I asked the funeral director if I could see you before we all went home and he said, “Of course.” When I entered the chapel, your body was covered by a red velvet blanket but your face was visible. Your lips had lost some of their color, your skin as dark and smooth as it had always been, but your head had taken on a different shape. It had been flattened during the autopsy, and I thought about the times I’d whop you upside your head when you were little and up to no good. You asked me once, “Why you always doin’ that? Why you always hittin’ me?” You were eight years old when you asked me those questions, and everything about your face seemed to be trying to meet in the middle. I never hit you again.
In the chapel, I smiled at a hairdresser pressing and curling a deceased old Black woman’s gray hair. He offered a close-mouthed smile, bowed his head slightly when he did, and went back to pressing, curling, and humming, just a little bit. I walked over to your body, raised the blanket to look at your chest and then your legs, tracing over my name tattooed on your arm, then kissed your forehead and held your hand.
Everyone else joined me in the chapel after a little while. I told the funeral director, “He look good. He look just like his self.” He said, “Yeah, we takin good care of him,” and asked when we’d bring your suit by. I smirked and said, “Nah, we ain’t gone be doing that. He wasn’t no suit and tie kind of guy,” and we all laughed a little bit. I had never seen you in a suit. I didn’t want the first time to be in a casket. We buried you in a royal blue Ralph Lauren button-down and True Religion jeans.

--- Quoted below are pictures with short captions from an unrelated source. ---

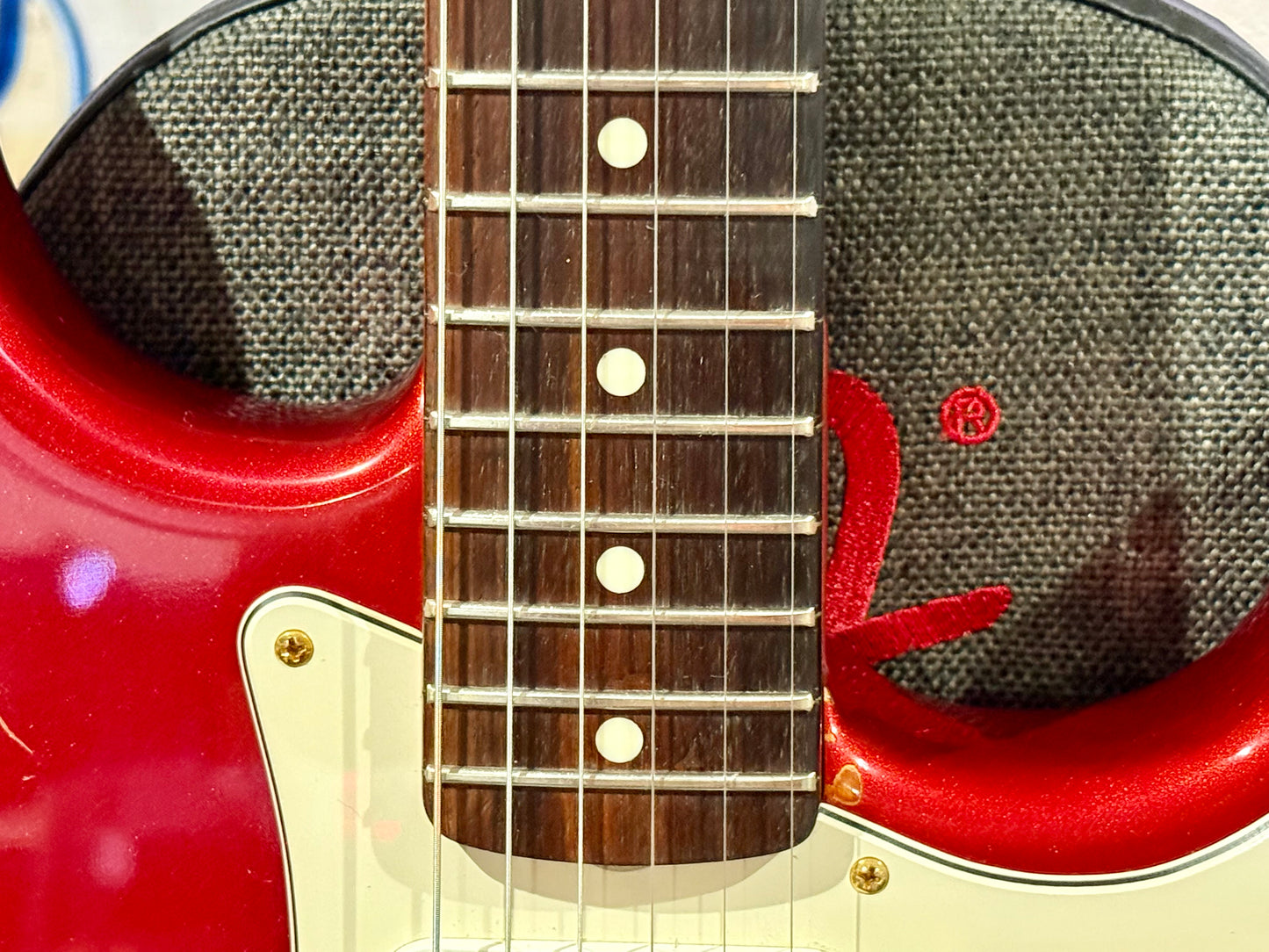 🔥 Fender Partscaster Stratocaster~ Eric Johnson~ Custom Shop Parts~ 60s P’ups🔥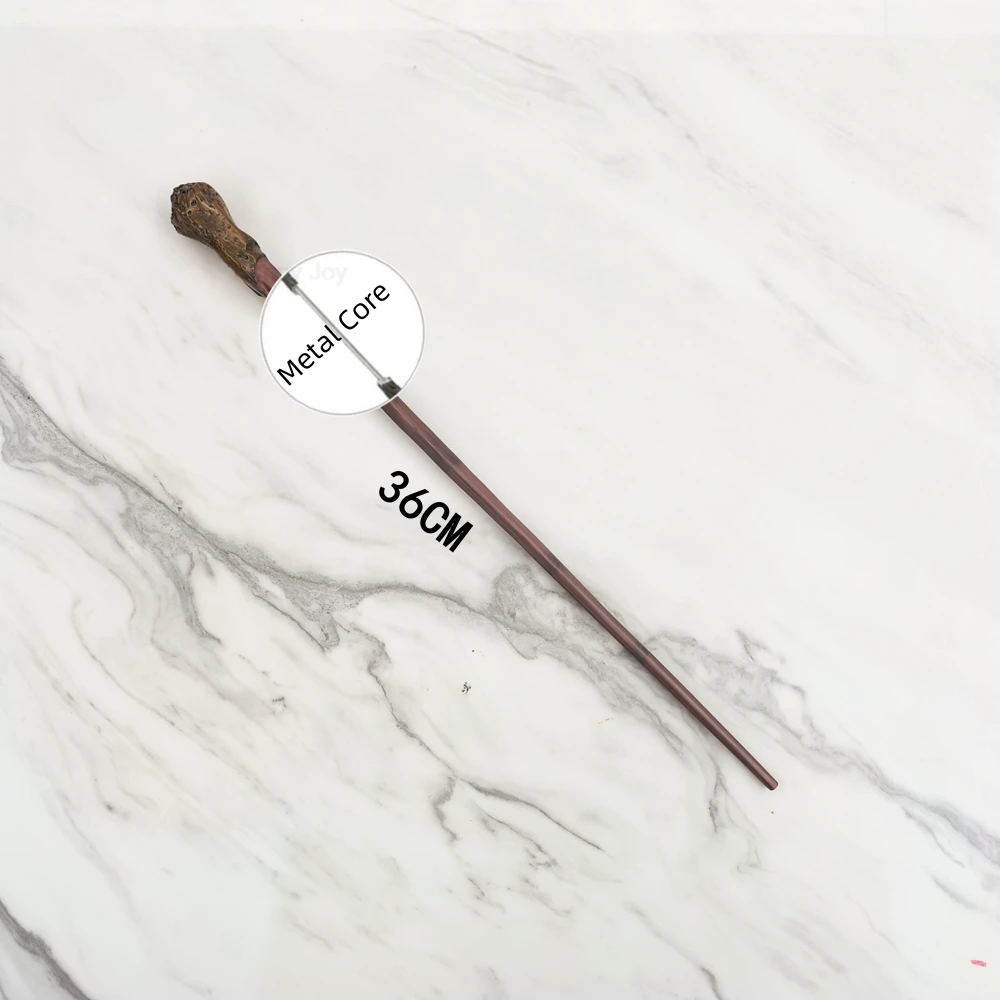 Anime Show Metal Core Magic Dumbledore Wand Children Decoration Toy For Kids Hermione Bacchetta Di Magic Stick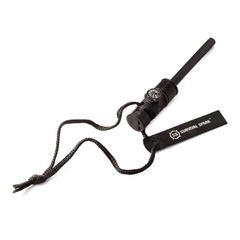 Spark Fire Starter Kit – Magnesium Ferro Rod Fire Starter Kit with Compass an…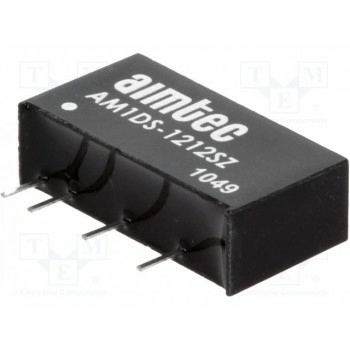 Преобразователь DC/DC AIMTEC AM1DS-1212SZ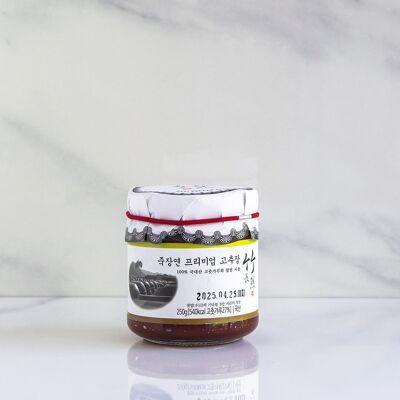 Gochujang – Handwerkliche Chilipaste – Jook Jang Yeon – 250 g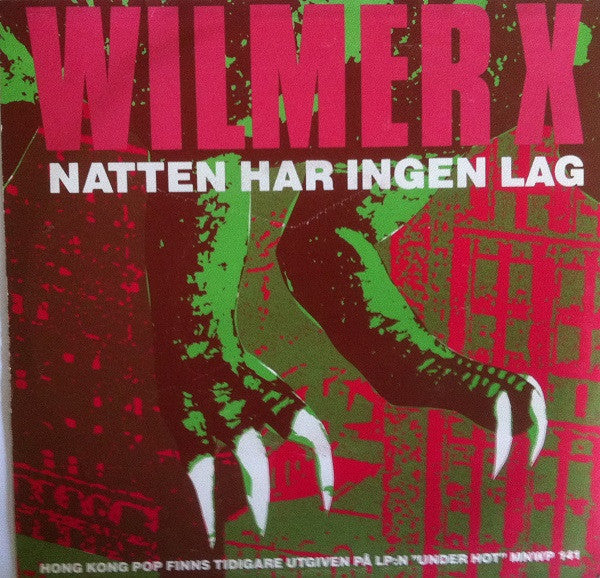 Wilmer X : Hong Kong Pop (7")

Granny and Paris stood over your body teary-eyed, but they never actually cried. Paris, his wife, and his aunt stood on one side of your body. I stood on the other, and Granny and the funeral home director stood before your head. At your feet, Paris raised the blanket just enough to see. I could tell he looked at all of your toes. He moved toward your legs, touched your first gunshot wound. He moved toward your penis, and I looked away. I didn’t want to see him see you. I wanted him to have a private moment with you, his only son, his only child.
When you and your father were face-to-face, he brought his finger to your chin, stroked the shadow of facial hair there, said, “Look at his peach fuzz.” The women hummed a sweetness. I swallowed the sadness caught in my throat.
Paris didn’t warn any of us before he pulled the velvet blanket past your chest. The sweetness dissipated. Granny grabbed her heart and stumbled backward until she was stopped by a column and ran from the chapel without a word. We could all see where the bullet had pierced your flesh and taken your life. On the playground of Frayser Elementary, you’d been shot in your heart. Your father apologized.
I asked if I could be left alone with you. When they were all gone, I held my cheek to your cheek. I held my cheek to your lips. I kissed your forehead again. I kissed your eyes. I kissed your nose. I stroked your ears. I stroked your arms. I held your fingers. I held you. I held you for a long time. You’d been torn open twice and no one had hugged you yet.
*
Earlier that day at home, Mallory, Jeremiah’s girlfriend, had come into my bedroom while I was sleeping to wake me. She said, “Get up. Come outside. It’s something outside gone make you happy,” and shook my body a little bit. “Come on. Hurry up.”
In the driveway, I stared at your face in a 24×36 framed photo no one had ever seen of you. Nia had found it in your phone and had it printed at Walgreens. I couldn’t stare at your face for long. You were too you, too not you. You were too there, too not there. It felt like you were alive, like the photo had encapsulated your spirit. It terrified and confused me. You looked troubled, haunted by something, eyes filled with a sadness I’d never seen before. Your friends smiled, laughed, and posed for pictures with you, but all I could do was cry.
I went inside, sat on Mama’s bed with Granny. She said, “I caint look at it neitha.”
I asked her, “Why he look like that?”
She slowly shook her head, said, “You see it too. In his eyes.”
I asked, “Why my brother look like he askin’ me a question Ion know the answer to?”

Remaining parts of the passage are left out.